• _TASK REQUIREMENTS_: Produce a word-for-word copy of the lines from the one that contains "3 | 10 Ghost" to the final line of the data below, with all pictures dropped.

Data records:
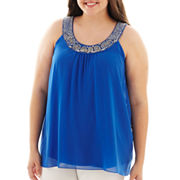 U-Knit Embellished Scoopneck Tank Top - Plus
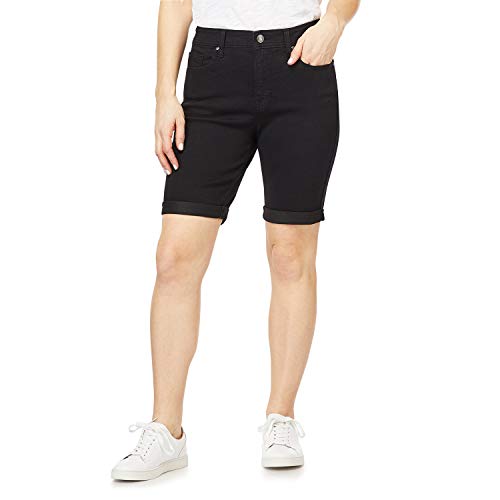 Angels Forever Young Women's 360 Sculpt Mid-Rise Stretch Bermuda Shorts, Onyx,…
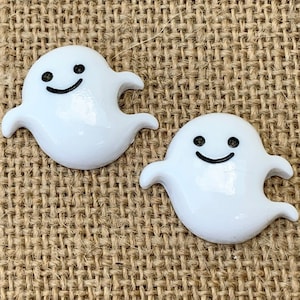 3 | 10 Ghost Resin Cabochons | Halloween Embellishments | 22x25mm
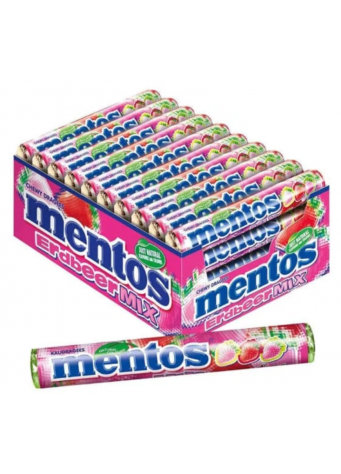 Kramtomieji saldainiai MENTOS STRAWBERRY MIX, braškių skonio, 37.5 g x 40vnt dėžė. 0,49€ vnt 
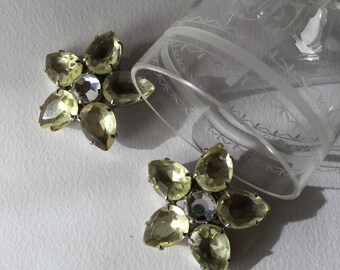 1950 vintage large citrine flower earrings, vintage rhinestones jewels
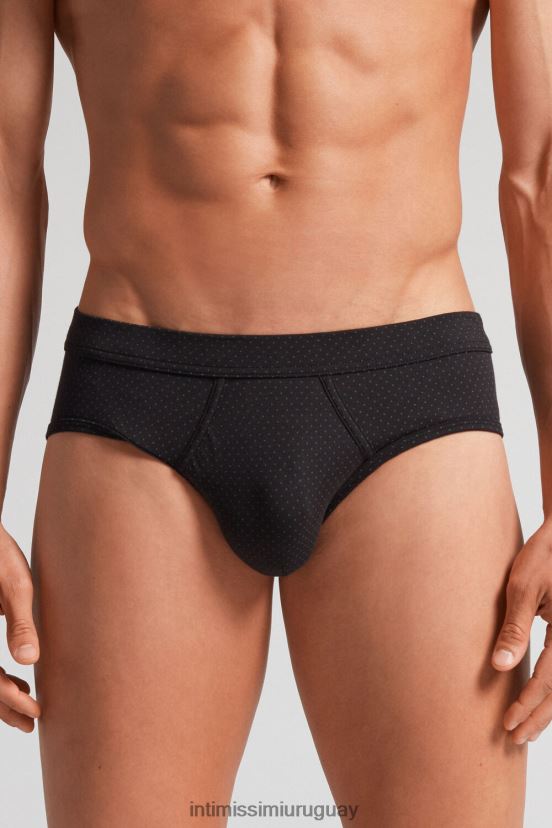 Braguita algodón supima micro lunares natural fresco Intimissimi hombres 365j-nero st.pois verde scuro V806B817 ropa interior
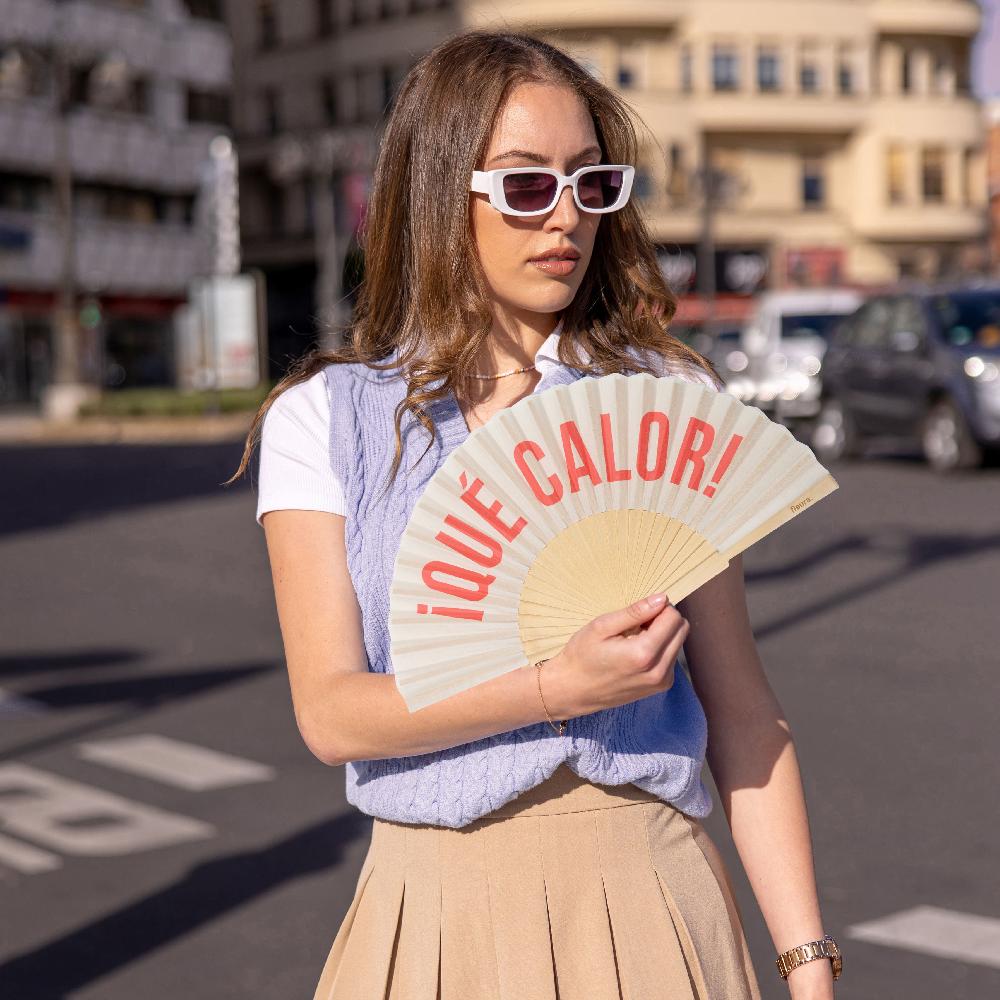 Fisura Abanico "Qué Calor" Beige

• _WRITTEN ANSWER_:
 3 | 10 Ghost Resin Cabochons | Halloween Embellishments | 22x25mm
 Kramtomieji saldainiai MENTOS STRAWBERRY MIX, braškių skonio, 37.5 g x 40vnt dėžė. 0,49€ vnt 
 1950 vintage large citrine flower earrings, vintage rhinestones jewels
 Braguita algodón supima micro lunares natural fresco Intimissimi hombres 365j-nero st.pois verde scuro V806B817 ropa interior
 Fisura Abanico "Qué Calor" Beige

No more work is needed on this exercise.